Stored entries:
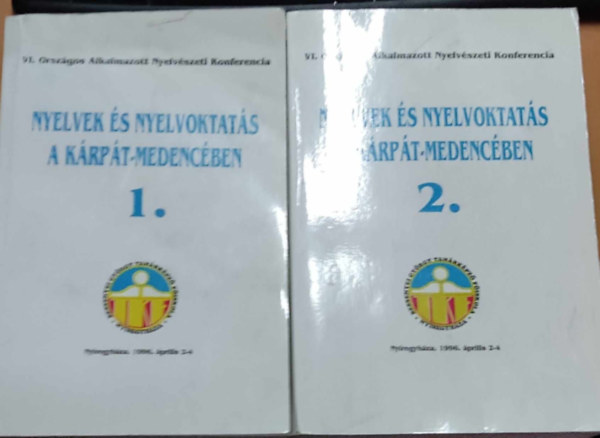 Székely Gábor, Cs. Jónás Erzsébet: Nyelvek és nyelvoktatás a kárpát-medencében 1-2. (VI. országos alkalmazott nyelvészeti konferencia)(2 kötet) antikvár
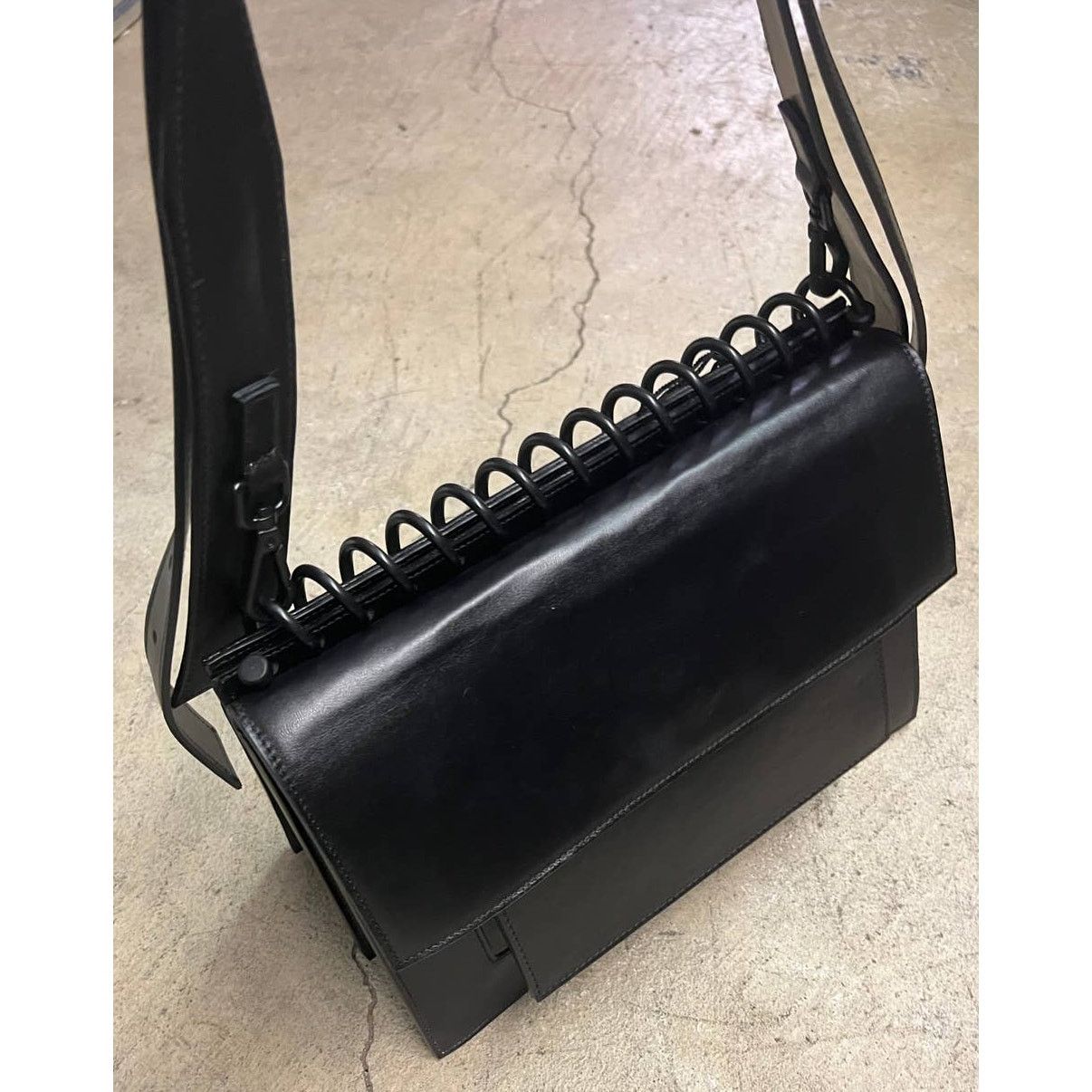 Other Atribut Handcrafted Black Leather Bag Detachable Strap Size ONE SIZE - 13 Thumbnail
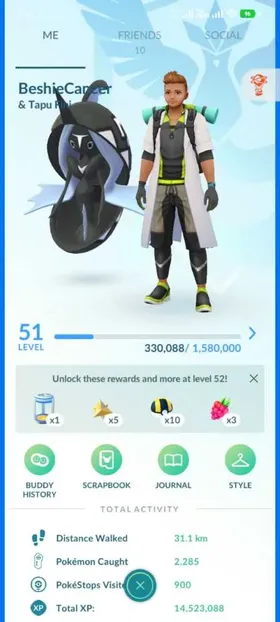 #06[51]✨💯🏞️ Shundo Mega Mewtwo Y • ✨💯 Shundo Baxcalibur • ✨💯 Shundo Thievul • ✨🏞️🏹 Shiny Origin Plakia • ✨🏞️ Shiny Tapu Lele • ✨ Shiny Shadow Palkia • 👑 Zacian with 1000 Sword Energy for Crowned Transformation • ⚜️🧬 Mega Diancie • 💯♉ Hundo Groudon Primal Groudon • 💯 Hundo Azelf  • 💯 Hundo Uxie • ✨🧬 Shiny Mega Starmie • 💯🌐 Hundo Pikachu with PokeLab Japan Stamp Rally Location BG • 🌐 Rayquaza with San Francisco Location BG     • ☄️ Meteorite For Rayquaza Mega Evolution • 🧬🏞️ Mega Mewtwo Y with 2026 Go Fest Special BG  • 🏞️🏹 Origin Palkia with Spacial Rend with 2026 Go Fest Special BG  • 🏞️🏹 Origin Dialga with Roar of Time • 💯🧬 Hundo Mega Gyarados  • 💯🧬 Hundo Mega Lucario  • 💯🧬 Hundo Mega Starmie  • 🏞️ 4 Clefairies with Constellation BG  • 🇩🇰 5 Pikachus with 2026 Coppenhagen LEGO BG   • 🇯🇵 9 Pikachus with Japan Stamp Rally Location BG (2 Shinies) • 🇯🇵 18 Pikachus with PokeLab Stamp Rally Location BG • 🇯🇵 Charmander with Airline Special Location BG • 🇯🇵 Moltres with Japan PokeKanto Location BG • 🇯🇵 Lapras with Japan Stamp Rally Location BG • 🇯🇵 Slowpoke with Japan Stamp Rally Location BG • 🇯🇵 Bulbasaur with Japan Stamp Rally Location BG • 🇯🇵 Charmander with Japan Stamp Rally Location BG • 🇯🇵 Squirtle with Japan Stamp Rally Location BG • 🇯🇵 Marill with Japan Stamp Rally Location BG • 🇯🇵 Wingull with Japan Stamp Rally Location BG • 🏞️ Pokemons with 2026 Go Fest Special BG • 🧪 411k Stardust • 💥 84 Legendaries and Mythicals • 👽 9 Ultra Beast • ✨ 12 Shinies • 💯 25 Hundos • 🌑 9 Shadows • 🧬 35 Megas (15 Different Pokemons) • 🏹 2 Adventure Effect • ♨️ 17 Dynamax • 📛 6 Gigantamax • 🎉 16 Event Pokemon • 🏞️ 27 Special BG • 🌐 67 Location BG • 🪩 1 Master Ball • 🪙 263 Pokecoins• 🎟️ 31 Premium Raid Passes• 🥐 28 Poffins• 💾 450 Link Charge • 💫 2 Starpiece • 🥚 15 Lucky Eggs  • 🍬 39 Rare Candies • 🍭 26 Rare XL Candies • 💽 50 Fast TMs • 💽 65 Charged TMs • 💿 1 Elite Fast TM • 💿 1 Elite Charged TM • 🪨 4 Unova Stones • 🪨 1 Upgrade • 🪨 1 Dragon Scale • 🪨 4 Unova Stones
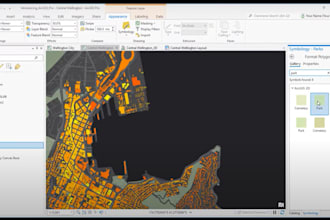 do gis mapping and spacial analysis and geocoding in arcgis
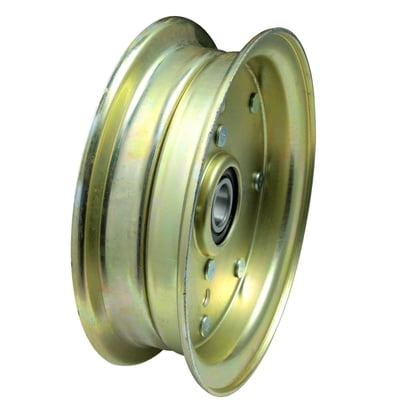 14100 Flat Idler Pulley (5-7/8") Compatible With Husqvarna 539-132728, 539112196, 539131148, 589766101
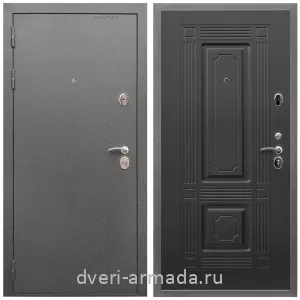 Взломостойкие входные двери 1.5, Дверь входная Армада Оптима Антик серебро / МДФ 6 мм ФЛ-2 Венге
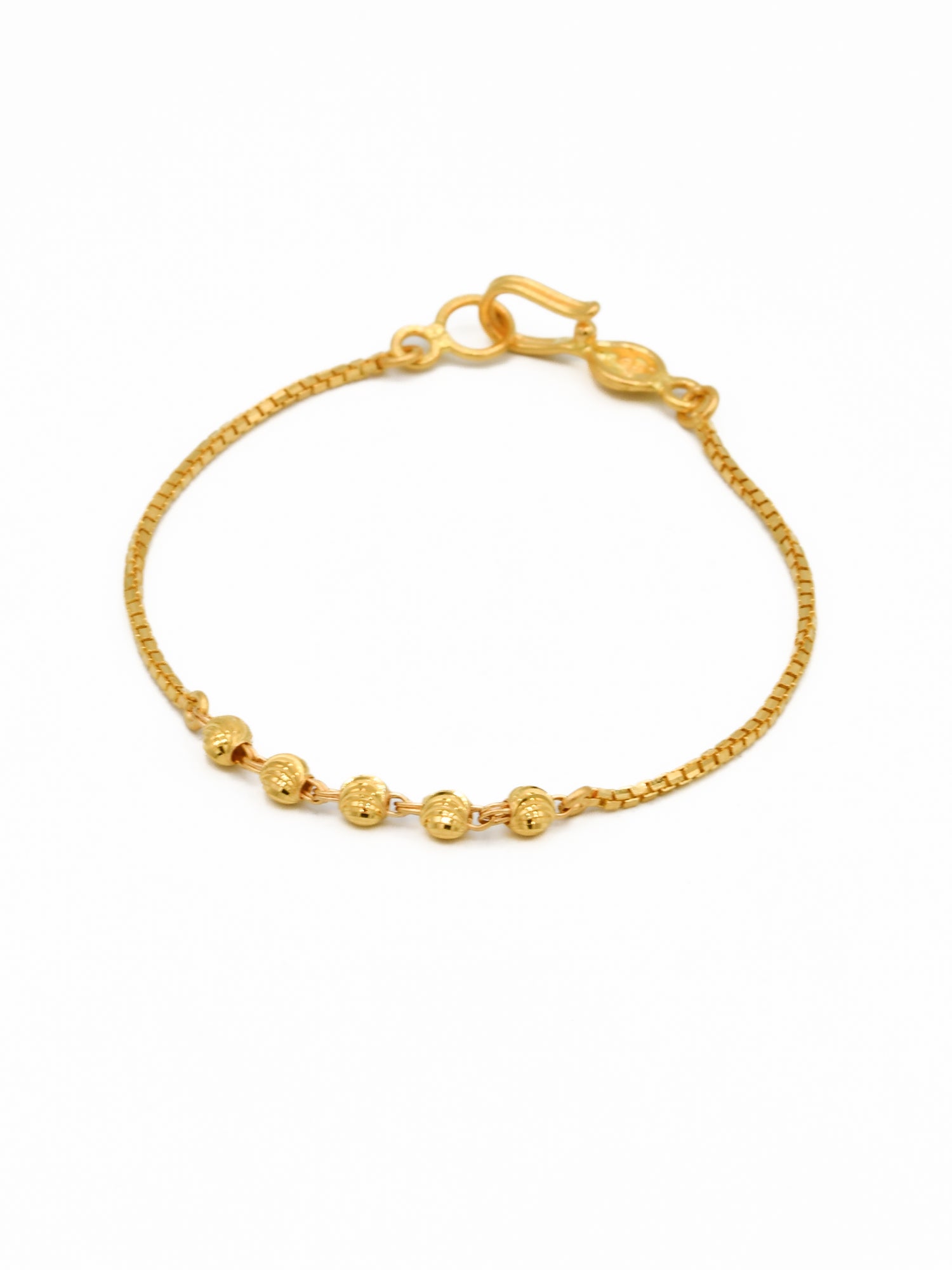 22ct Gold Ball 1 Piece Baby Bracelet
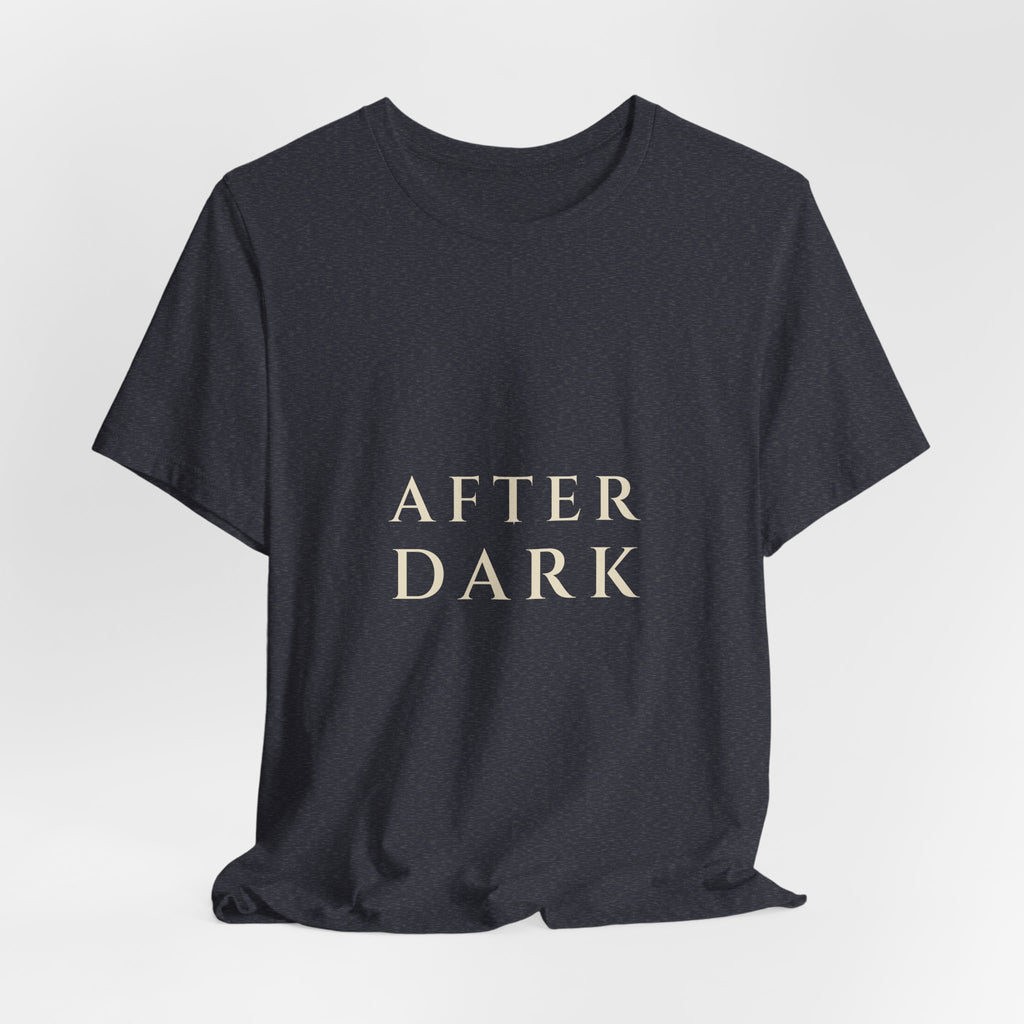 After Dark Tee — Stacked Serif | Moon Wild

* [REQUIRED ACTION] This task calls for the lines from the line holding "22ct Gold Ball 1 Piece Baby Bracelet" through the last line above, restated word for word with both ends included and the pictures dropped.

* [WRITTEN ANSWER]
 22ct Gold Ball 1 Piece Baby Bracelet
 After Dark Tee — Stacked Serif | Moon Wild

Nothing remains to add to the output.